II. PLAINTIFF'S CROSS-MOTION FOR SANCTIONS
A. Defendant's Three Motions to Exclude Falcon's Deposition
Plaintiff cross-moves for sanctions in the form of attorney's fees and expenses incurred in opposing defendant's motion, as it is the third time defendant has sought to exclude plaintiff's use of Falcon's videotaped deposition at trial. 22 N.Y.C.R.R. § 130-1.1. Defendant's prior two motions, however, sought this relief on a different ground: plaintiff's delay in forwarding a copy of the videotape, in addition to the transcript, of the deposition to defendant. Between the Appellate Division's dismissal of this action in May 2015 and the Court of Appeals' reversal of that dismissal in June 2017, D&R Global Selections. S.L. v. Bodega Olegario Falcon Pineiro, 128 A.D.3d 486, 487 (1st Dep't 2015), rev'd, 29 N.Y.3d 292, 299-300 (2017), plaintiff believed that any further exchange of information in the action was unnecessary, therefore did not forward the videotape until November 2017, and sought an extension of time until then. The court (Mendez, J.) granted that extension and thus denied exclusion of the videotaped deposition, because plaintiff's delay was neither deliberate nor part of a pattern of delay, was excusable, and did not prejudice defendant, particularly when it already possessed the deposition transcript.
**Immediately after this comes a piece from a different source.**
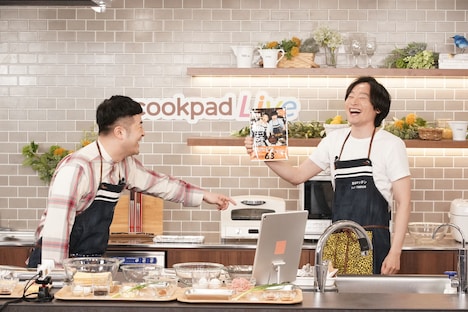 「和牛キッチン」配信中の和牛。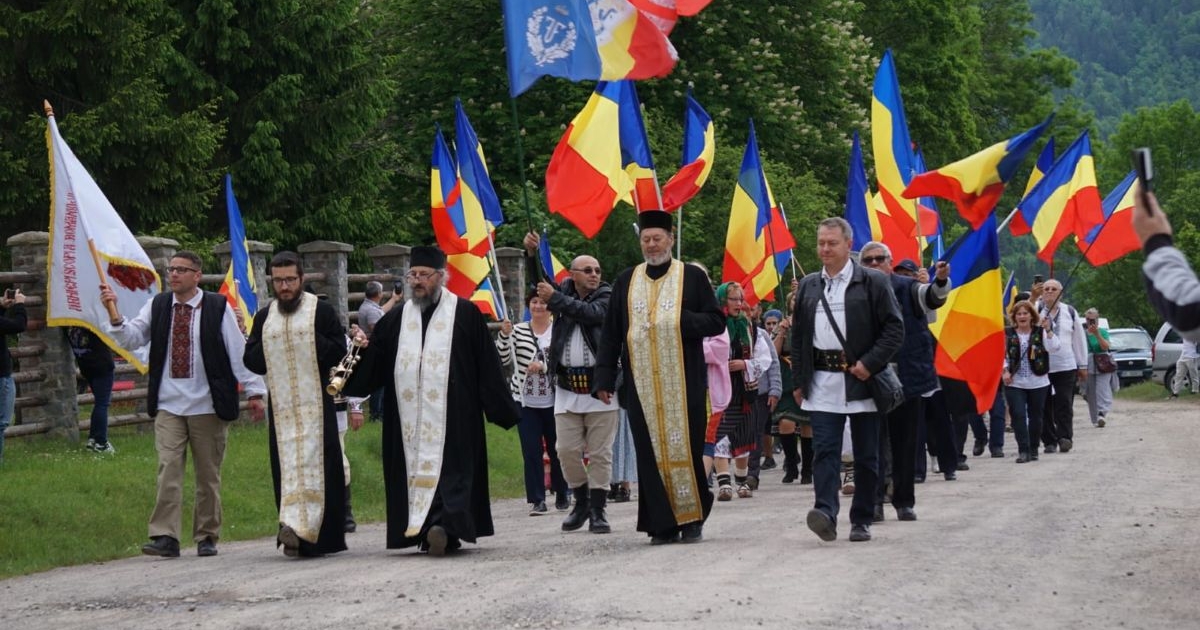 Román emlékezők az úzvölgyi katonatemetőben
Defendant then moved to reargue its motion to exclude the videotaped deposition, which the court (Mendez, J.) also denied, finding the motion simply an attempt to rehash the points previously raised and decided. E.g., Ping Lee v. Consolidated Edison Co. of N.Y., 40 A.D.3d 481, 482 (1st Dep't 2007). In those two motions, defendant relied on C.P.L.R. § 3126(2), which authorizes preclusion of evidence due to nondisclosure of the evidence. The current motion seeks to preclude evidence preliminary to the trial due to the claimed inadmissibility of the evidence. Deonarine v. Montefiore Med. Ctr., 113 A.D.3d 496, 497 (1st Dep't 2014); State of New York v. Metz, 241 A.D.2d 192, 198 (1st Dep't 1998). This claim may lack merit, but, whatever its merit, the issue is best left to the trial judge.
Even though the court found defendant's second motion, its motion to reargue exclusion of the videotaped deposition due to its delayed exchange, repetitive of defendant's first motion for that relief and again lacking in merit, the court denied the relief plaintiff now seeks: sanctions in the form of plaintiff's costs incurred in opposing defendant's repetitive motion. The court concluded that defendant had not engaged in a pattern of intentional frivolous behavior. Plaintiff now urges that defendant's current, third attempt to exclude the videotaped deposition meets that standard.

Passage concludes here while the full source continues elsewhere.